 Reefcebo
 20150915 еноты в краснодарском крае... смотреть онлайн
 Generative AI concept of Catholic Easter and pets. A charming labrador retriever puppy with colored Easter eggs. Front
* * *
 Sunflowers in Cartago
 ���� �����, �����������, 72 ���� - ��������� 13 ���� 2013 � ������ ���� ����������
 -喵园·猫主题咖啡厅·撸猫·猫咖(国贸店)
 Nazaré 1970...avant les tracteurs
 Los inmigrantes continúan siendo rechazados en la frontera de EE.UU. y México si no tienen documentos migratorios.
--
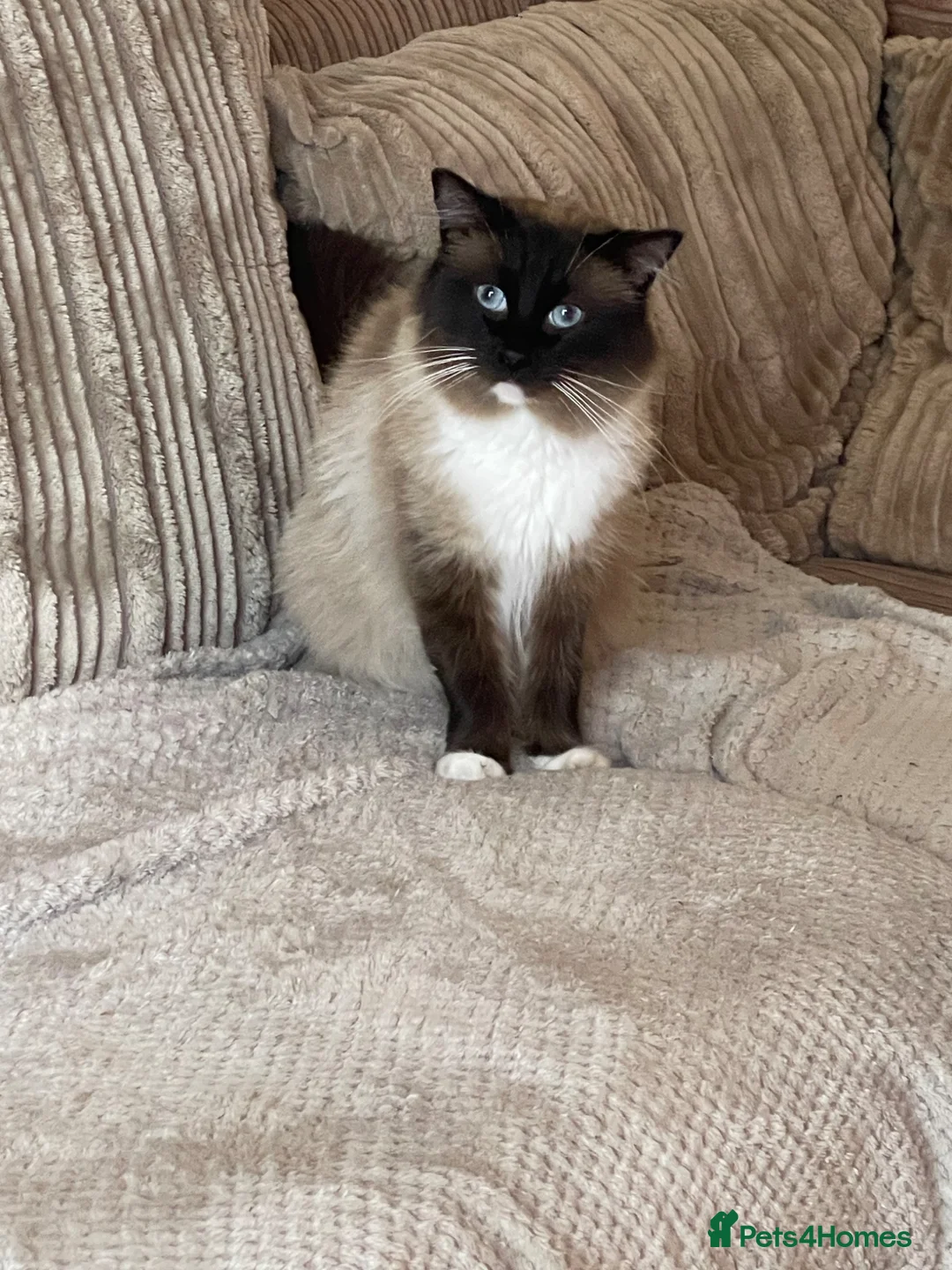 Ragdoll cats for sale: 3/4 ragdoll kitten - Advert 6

DESCRIPTION OF THE TASK: Write down again, exactly as given, only the lines above that fall from the line with "13 ���� 2013 � ������ ���� ����������" to the line with "Los inmigrantes continúan", inclusive.

YOUR RESPONSE:
 ���� �����, �����������, 72 ���� - ��������� 13 ���� 2013 � ������ ���� ����������
 -喵园·猫主题咖啡厅·撸猫·猫咖(国贸店)
 Nazaré 1970...avant les tracteurs
 Los inmigrantes continúan siendo rechazados en la frontera de EE.UU. y México si no tienen documentos migratorios.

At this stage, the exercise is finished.